I was born during the Carter administration, at the tail end of one of the most progressive swings in American history. Many of us are more aware now—of both the lies we were taught and the truths they covered over—but that hasn’t seemed to shake us free. Rather, my entire lifetime has been marked by the integration of these uncomfortable truths into a liberal vision of democratic progress. We keep retooling the story to make it fit—we need to make it fit. That’s not who we are, we say, against all evidence to the contrary. But why? 
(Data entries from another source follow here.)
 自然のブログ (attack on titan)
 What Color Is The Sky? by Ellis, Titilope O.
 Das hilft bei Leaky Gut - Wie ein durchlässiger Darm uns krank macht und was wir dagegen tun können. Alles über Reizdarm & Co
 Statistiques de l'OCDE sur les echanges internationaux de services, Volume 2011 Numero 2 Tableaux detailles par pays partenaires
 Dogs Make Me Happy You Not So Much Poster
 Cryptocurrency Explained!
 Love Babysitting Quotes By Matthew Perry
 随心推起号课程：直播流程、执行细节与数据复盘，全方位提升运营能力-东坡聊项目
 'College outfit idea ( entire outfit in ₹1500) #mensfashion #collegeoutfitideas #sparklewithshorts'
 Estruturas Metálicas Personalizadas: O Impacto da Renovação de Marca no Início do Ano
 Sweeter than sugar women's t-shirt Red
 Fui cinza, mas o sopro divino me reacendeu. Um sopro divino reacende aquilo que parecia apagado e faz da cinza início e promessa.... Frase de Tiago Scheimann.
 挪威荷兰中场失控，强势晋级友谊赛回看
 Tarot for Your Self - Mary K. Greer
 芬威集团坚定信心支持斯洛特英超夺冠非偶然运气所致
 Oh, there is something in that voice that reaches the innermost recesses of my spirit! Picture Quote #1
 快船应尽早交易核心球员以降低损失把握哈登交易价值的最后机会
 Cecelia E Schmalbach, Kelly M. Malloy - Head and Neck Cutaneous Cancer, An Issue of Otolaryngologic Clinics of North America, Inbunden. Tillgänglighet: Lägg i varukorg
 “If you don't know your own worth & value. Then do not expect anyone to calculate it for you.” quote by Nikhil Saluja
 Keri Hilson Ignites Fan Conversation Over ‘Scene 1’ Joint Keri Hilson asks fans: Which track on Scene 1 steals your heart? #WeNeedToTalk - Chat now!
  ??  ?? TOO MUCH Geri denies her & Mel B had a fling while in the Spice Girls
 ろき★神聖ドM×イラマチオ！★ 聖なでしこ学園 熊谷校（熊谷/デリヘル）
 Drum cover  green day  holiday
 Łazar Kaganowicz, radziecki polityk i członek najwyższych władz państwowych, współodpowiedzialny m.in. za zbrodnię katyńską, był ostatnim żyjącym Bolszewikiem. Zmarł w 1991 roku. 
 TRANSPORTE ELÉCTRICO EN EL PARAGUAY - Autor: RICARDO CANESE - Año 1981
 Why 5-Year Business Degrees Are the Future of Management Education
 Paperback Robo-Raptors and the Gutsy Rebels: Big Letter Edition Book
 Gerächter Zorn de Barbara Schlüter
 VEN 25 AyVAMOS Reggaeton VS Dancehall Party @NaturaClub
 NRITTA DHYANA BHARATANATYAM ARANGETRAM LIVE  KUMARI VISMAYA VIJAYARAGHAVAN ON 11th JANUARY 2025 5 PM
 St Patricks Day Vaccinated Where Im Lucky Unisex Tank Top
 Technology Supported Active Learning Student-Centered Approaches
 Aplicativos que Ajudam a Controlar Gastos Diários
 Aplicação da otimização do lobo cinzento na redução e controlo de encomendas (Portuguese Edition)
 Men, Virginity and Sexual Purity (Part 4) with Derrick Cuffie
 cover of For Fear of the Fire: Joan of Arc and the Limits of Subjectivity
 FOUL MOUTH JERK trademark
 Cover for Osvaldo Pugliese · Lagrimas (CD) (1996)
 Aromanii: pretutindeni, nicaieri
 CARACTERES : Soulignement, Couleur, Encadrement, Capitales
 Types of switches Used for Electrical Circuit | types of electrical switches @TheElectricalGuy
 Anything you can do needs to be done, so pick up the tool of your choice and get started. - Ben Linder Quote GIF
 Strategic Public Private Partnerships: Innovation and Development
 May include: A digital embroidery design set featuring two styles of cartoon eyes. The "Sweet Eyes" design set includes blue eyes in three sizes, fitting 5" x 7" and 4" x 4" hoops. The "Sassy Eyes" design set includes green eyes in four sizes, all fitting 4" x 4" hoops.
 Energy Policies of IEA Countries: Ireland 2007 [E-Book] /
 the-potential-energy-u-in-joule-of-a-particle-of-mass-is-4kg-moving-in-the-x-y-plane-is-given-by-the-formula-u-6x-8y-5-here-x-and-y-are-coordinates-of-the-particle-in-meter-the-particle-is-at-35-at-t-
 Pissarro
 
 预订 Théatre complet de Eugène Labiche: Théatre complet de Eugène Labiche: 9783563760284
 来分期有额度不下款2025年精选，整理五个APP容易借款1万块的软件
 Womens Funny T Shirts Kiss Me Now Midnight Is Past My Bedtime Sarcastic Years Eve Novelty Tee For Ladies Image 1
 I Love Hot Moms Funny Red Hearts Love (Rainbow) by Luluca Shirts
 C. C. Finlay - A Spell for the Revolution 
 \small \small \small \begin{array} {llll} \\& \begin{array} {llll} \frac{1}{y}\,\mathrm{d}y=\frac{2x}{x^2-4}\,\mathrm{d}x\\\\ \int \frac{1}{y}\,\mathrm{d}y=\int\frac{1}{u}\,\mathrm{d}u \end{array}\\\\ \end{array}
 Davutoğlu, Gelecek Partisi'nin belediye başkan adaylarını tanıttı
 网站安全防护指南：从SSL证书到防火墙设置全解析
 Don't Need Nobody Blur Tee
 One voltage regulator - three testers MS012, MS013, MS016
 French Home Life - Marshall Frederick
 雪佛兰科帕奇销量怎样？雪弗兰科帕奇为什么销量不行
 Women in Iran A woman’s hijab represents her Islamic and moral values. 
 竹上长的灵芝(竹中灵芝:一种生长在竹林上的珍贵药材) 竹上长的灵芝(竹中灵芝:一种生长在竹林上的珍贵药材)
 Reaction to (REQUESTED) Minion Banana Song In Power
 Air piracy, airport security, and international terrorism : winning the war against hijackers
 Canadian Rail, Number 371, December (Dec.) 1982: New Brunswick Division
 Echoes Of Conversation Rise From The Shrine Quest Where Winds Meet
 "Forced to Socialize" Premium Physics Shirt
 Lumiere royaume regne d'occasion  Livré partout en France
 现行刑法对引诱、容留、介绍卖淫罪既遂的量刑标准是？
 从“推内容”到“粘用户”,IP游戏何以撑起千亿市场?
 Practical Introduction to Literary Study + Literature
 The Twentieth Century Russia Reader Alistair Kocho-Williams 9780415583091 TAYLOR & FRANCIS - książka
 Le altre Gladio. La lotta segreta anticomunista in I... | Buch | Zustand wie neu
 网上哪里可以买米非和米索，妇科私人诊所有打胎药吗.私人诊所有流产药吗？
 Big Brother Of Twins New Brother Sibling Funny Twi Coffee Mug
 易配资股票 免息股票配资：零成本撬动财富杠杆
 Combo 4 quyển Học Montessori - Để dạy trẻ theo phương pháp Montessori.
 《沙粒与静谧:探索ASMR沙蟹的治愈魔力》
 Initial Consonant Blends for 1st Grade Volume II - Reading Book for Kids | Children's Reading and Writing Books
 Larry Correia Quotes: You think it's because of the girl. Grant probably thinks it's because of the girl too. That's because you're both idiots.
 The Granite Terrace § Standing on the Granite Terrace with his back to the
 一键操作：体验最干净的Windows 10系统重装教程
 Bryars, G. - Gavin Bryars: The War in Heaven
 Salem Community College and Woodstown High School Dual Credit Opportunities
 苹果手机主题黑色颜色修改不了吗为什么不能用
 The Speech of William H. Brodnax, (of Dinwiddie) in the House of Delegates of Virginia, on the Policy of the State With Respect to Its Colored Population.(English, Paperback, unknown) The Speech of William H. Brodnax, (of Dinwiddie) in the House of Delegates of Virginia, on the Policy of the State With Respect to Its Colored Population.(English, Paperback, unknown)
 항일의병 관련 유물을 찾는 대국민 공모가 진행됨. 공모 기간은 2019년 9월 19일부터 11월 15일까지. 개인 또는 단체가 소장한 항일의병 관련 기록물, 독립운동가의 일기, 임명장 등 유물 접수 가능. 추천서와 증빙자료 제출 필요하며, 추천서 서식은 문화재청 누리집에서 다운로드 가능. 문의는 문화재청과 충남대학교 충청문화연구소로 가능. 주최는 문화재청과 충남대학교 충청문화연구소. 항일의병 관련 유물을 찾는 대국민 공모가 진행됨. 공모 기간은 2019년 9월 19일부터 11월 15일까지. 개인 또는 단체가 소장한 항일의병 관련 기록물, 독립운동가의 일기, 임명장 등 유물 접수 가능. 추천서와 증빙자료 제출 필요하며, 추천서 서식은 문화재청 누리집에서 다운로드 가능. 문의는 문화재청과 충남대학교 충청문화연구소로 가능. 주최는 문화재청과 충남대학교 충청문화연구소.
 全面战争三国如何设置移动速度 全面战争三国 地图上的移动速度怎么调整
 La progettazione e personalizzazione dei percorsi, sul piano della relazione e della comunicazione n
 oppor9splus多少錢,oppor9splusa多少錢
The short answer is that so many white Americans have stories like mine, where amorphous ideas of “America” were entangled with other feelings, inculcated through repetition, and planted in the fertile soil of our childhood imaginary. Other such attachments seem to fade as we grow up, while this one is constantly reaffirmed, entrenching itself in our psychic foundations. Why does it feel so personal, so intrinsic to our identity? So much so that we would let things come to the verge of total collapse rather than let it go?

The Phantasm

In Who’s Afraid of Gender?, Judith Butler asserts that the burgeoning right-wing anti-gender movement works by creating a “phantasm,” built on people’s fears and anxieties. This phantasm operates beyond any objective reality, taking on a power of its own that short-circuits rational thought. Once a “phantasmic scene” like this is empowered, fighting against it requires striking at its roots—the fears, anxieties, and “cultural codes” that Butler says “enter into the most primal fantasies where there is no clear way to dissociate the unconscious from the work of the cultural.”